Washington closed the door on Trent Williamsreturning this season by putting him on the non-football injury list.
'The bridge has definitely been burned': Trent Williams says Redskins have smeared him in aftermath of cancer diagnosis
Mike Jones
USA TODAY Nov 8, 2019
Even before the Washington Redskins officially ruled out Trent Williams on Thursday for the rest of the 2019 season, the schism between the player and team had been widening.
The Redskins’ request for a third-party investigation into
the medical care of the left tackle only further damaged the already fractured relationship between the two sides. The seven-time Pro Bowl left tackle, who on Thursday was placed on the season-ending reserve/non-football injury list by the franchise, said the move and ongoing media leaks have only validated his beliefs that he can’t trust his employers.
“If I felt like they were genuine, I’d be all for it,” Williams told USA TODAY Sports. “They’re not doing it to find out what went wrong. They’re doing it to cover their butts.
"Mine isn’t the only situation they got wrong. There are a lot of situations they could have looked into. Why didn’t they do it before now? Why didn’t they do it in (quarterback) Colt (McCoy’s) case? And they keep putting out these false reports. That’s never helpful. I just feel like regardless of what the findings of the investigation are, they’re going to try to find a way to paint me negatively and make themselves look better.”
Redskins general manager Bruce Allen did not immediately respond to a request from USA TODAY Sports on Williams' allegations.
Williams spoke to USA TODAY Sports prior to Thursday's move—though he later said he was surprised by the decision—but he cited a deep dissatisfaction with the franchise as well as uncertainty about his future.
Williams stayed away from the organization for months dating back to spring because he no longer trusts team doctors and officials, he said. He maintains he asked team doctors numerous times in the last six years about a growth on his head and told them he feared that it was cancerous. Doctors repeatedly classified the growth as a cyst, Williams said.
Williams said in 2016, three years after he claimed he first raised the issue, he asked team doctors to send him to a dermatologist but was again told that the growth was a cyst. In 2017, he said, he asked doctors while scheduling knee surgery if they could remove the growth since he would be sedated, but “they said it wasn’t that serious.” The following year, he again asked about the removal of the growth during two separate procedures (one on his thumb and another on his knee), he said, but was told to wait for the offseason.
In January 2019, Williams had a biopsy of the growth. He said he received a call while at the Pro Bowl informing him that it was indeed cancer. At that point, according to Williams , Redskins owner Daniel Snyder flew him on a private jet to Chicago for an examination, to his hometown of Houston for a second opinion and then back to Chicago for surgery.

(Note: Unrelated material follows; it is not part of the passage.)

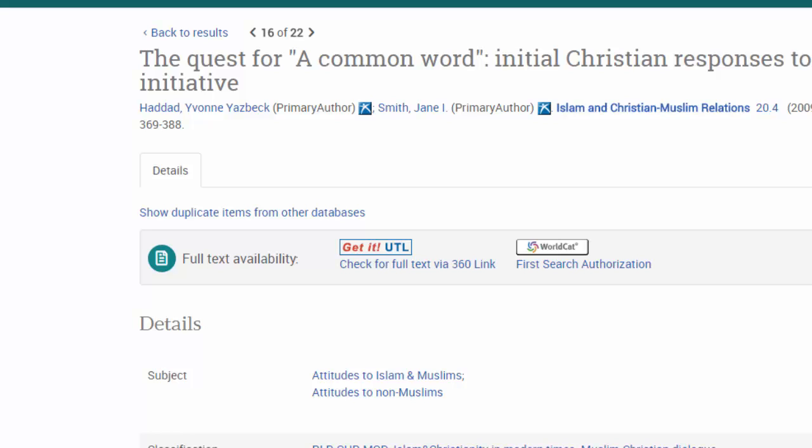Let's imagine that your professor has recommended that you read articles by Yvonne Yezbek Haddad. Let's use Index Islamicus to find some more written by her.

Williams said he was told the cancer cells were weeks away from penetrating his skull.
“It was a scary situation,” he said of being diagnosed with Dermatofibrosarcoma Protuberans, a soft-tissue sarcoma that develops in the deep layers of skin.
Williams told USA TODAY Sports the dismissive nature with which Allen reacted to the matter soured him on the franchise. Although Snyder, himself a cancer survivor, had been supportive, Allen’s response and the team doctors' misdiagnosis — coupled with a long track record of medical mishaps, including repeated setbacks and post-surgery infections and/or corrective surgeries of McCoy, quarterback Alex Smith and running back Derrius Guice — prompted Williams to request a trade.
The Redskins were reluctant to meet those demands. The organization did not trade him at last week's deadline, so Williams reported to team headquarters to avoid losing an accrued season toward free agency. However, he has yet to step foot on the field after not passing a physical because his helmet caused discomfort at the area from where his tumor was removed.
Williams said he believes Allen was behind the many media reports that linked his dissatisfaction with the team to his contract status while downplaying the medical concerns or pinning blame on him for missteps. When former Redskins general manager and current NFL Network analyst Charley Casserly relayed the same school of thinking last week, Williams’ frustrations were renewed.
“They started putting poison pills out there, that it was just about the money," Williams said. "The talk about me missing appointments? I’ll tell you what it was. It was scheduled for a Thursday, and I went on a Friday. I just had gotten it off by a day, one time.”